Employers should be provided with guidance on which funds are appropriate as default funds with the list being produced by the Government or an independent source, according to the Financial Planning Association (FPA).
The FPA has used is submission to the Productivity Commission (PC) inquiry into the Competitiveness and Efficiency of the Superannuation industry to point to the difficulties confronting employers in choosing a default fund.
“In selecting default products on behalf of their employees, employers face administrative costs. Employers may also face the cost of professional advice,” the submission said.
“Existing arrangements could be improved by providing employers with guidance on which funds are appropriate as default funds. The list could be produced by government or an independent commercial provider that is subject to regulatory oversight,” it said.
“The list of funds should be compiled based on relevant performance indicators, such as long-term net returns. There is an argument that a tender process could be used to select funds for the list. We are generally against the notion of excluding consideration of any member benefit outright. This is largely because default members may become engaged in relation to their superannuation.”

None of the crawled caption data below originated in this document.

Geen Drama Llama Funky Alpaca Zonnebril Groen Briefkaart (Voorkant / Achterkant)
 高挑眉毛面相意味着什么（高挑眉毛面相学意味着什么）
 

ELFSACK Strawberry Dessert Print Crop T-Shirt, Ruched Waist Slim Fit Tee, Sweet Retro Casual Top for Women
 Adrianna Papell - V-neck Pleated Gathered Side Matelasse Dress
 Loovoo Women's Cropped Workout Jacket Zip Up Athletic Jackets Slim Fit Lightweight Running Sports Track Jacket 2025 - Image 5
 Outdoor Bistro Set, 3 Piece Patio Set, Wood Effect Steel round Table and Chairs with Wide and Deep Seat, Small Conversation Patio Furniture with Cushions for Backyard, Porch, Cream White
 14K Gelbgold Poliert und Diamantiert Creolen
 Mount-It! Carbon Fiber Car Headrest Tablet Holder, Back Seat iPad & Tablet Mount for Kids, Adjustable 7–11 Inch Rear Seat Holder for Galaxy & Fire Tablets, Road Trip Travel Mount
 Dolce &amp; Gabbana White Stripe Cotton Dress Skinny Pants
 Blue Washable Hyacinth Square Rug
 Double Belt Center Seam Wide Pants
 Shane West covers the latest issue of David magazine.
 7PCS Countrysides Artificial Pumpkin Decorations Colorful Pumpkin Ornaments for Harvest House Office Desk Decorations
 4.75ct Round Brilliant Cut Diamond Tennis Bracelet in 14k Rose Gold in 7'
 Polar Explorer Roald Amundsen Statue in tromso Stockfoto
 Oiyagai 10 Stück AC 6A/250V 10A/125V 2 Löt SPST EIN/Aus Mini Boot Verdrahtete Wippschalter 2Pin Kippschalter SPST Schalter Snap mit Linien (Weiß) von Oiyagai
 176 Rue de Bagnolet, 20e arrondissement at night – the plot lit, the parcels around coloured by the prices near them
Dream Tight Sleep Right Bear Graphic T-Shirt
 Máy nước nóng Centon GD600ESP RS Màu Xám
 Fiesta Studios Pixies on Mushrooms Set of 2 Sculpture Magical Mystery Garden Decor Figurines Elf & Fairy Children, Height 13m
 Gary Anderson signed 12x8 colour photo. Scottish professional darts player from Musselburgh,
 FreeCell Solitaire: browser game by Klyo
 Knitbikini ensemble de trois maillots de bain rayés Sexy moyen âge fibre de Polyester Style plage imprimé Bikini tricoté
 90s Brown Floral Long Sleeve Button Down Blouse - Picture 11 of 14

The FPA submission said a better approach would be for a low weight to be assigned to some features (such as the ability to invest in direct assets), which current default members might reasonably be expected to rarely (if ever) value.
“If the weight reasonably assigned to a feature were extremely low, we’d be open to excluding consideration of the feature. By contrast, the degree of choice as to how benefits may be accessed (e.g. as a lump sum or selection from a wide variety of types of income stream) from a fund should be given a high weight as default members are likely to become engaged when they can access their superannuation,” it said.
The FPA submission said it might be reasonable to assume that, at retirement, members who had been default members would value having access to a flexible retirement solution (e.g. access to flexible combinations of longevity products and account-based income streams, and a broad range of investment options) more than a narrow range of options to access their benefits.
“While members can generally always move to another fund, there are transaction costs and potentially tax implications. Further, the system may need to be more liquid than it would otherwise need to be. Therefore, we regard an assessment that reduces the need for moving to another fund down the track as preferable.”